Tuesday, September 10, 2013

Regression as an Empirical Tool

Linear regression is a powerful empirical tool for the social sciences.  Its robustness is often underrated, while at other times its use and interpretation is mischaracterized.  Andrew Gelman and Agrist and Pischke are two great sources for learning about regression in an applied context.

I particularly like Gelman's comment here:
"It's all about comparisons, nothing about how a variable "responds to change." Why? Because, in its most basic form, regression tells you nothing at all about change.
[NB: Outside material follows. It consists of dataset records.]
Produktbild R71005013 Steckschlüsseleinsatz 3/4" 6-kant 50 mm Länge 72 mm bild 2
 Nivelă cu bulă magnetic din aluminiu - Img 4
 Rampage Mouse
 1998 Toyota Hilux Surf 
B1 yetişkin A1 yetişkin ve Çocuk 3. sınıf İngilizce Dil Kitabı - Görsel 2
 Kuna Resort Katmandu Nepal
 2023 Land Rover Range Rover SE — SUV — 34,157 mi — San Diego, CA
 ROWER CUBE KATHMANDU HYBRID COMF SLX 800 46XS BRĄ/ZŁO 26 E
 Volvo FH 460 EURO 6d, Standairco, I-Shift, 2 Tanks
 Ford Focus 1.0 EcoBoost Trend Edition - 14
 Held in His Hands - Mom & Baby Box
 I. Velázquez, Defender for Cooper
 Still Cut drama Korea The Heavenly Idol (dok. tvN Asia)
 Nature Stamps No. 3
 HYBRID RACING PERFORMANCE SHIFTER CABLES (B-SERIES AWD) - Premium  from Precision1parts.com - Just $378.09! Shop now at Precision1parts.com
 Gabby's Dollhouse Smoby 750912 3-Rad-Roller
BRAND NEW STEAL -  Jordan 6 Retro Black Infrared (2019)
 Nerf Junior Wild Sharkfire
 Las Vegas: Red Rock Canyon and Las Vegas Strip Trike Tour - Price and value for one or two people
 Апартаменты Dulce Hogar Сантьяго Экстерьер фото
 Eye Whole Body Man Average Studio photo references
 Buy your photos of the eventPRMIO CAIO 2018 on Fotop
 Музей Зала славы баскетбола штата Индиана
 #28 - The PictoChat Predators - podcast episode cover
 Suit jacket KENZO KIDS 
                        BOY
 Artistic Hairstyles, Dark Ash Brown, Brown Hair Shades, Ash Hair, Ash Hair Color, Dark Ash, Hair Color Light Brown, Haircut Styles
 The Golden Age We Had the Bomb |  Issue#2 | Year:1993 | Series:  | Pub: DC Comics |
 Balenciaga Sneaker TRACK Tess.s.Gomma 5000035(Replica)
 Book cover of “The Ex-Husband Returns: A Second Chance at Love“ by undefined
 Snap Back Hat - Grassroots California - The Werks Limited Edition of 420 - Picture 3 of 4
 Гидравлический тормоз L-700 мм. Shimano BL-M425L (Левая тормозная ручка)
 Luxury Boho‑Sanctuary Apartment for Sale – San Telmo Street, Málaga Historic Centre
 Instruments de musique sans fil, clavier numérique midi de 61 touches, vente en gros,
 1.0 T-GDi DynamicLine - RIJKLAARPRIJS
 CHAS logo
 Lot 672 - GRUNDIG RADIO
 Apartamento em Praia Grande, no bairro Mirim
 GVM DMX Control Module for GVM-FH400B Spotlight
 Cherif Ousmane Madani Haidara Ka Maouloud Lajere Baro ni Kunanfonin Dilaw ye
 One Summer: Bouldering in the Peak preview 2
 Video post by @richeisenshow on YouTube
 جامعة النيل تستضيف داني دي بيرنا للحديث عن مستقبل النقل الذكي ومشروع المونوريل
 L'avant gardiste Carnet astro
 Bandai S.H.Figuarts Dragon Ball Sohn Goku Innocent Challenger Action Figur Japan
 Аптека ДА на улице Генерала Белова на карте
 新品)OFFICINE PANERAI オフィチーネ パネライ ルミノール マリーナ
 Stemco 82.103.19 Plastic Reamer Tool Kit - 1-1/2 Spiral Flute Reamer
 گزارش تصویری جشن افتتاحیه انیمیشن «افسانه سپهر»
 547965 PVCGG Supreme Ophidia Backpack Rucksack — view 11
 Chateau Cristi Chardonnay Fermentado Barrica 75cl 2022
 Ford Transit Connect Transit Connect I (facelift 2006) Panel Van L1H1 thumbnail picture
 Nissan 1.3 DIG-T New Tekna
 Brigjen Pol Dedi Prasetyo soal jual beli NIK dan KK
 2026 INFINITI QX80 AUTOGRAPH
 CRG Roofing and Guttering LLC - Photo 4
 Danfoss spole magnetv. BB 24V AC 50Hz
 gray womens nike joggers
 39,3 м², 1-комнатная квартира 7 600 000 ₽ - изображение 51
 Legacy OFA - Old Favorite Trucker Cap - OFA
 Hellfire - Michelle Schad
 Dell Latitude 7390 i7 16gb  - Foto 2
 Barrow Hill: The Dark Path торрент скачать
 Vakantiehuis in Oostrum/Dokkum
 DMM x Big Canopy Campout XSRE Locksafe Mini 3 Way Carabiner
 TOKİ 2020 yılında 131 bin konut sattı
It's a structured way of computing average comparisons in data."

This 'computing average comparisons of data' interpretation is why regression works as sort of a matching estimator as Angrist and Pischke  argue. 

“Our view is that regression can be motivated as a particular sort of weighted matching estimator, and therefore the differences between regression and matching estimates are unlikely to be of major
empirical importance” (Chapter 3 p. 70)

 In further discussion Gelman goes on to say, I think in a very appropriate interpretation:

“They're saying (Angrist and Pischke ) that regression, like matching, is a way of comparing-like-with-like in estimating a comparison. This point seems commonplace from a statistical standpoint but may be news to some economists who might think that regression relies on the linear model being true.”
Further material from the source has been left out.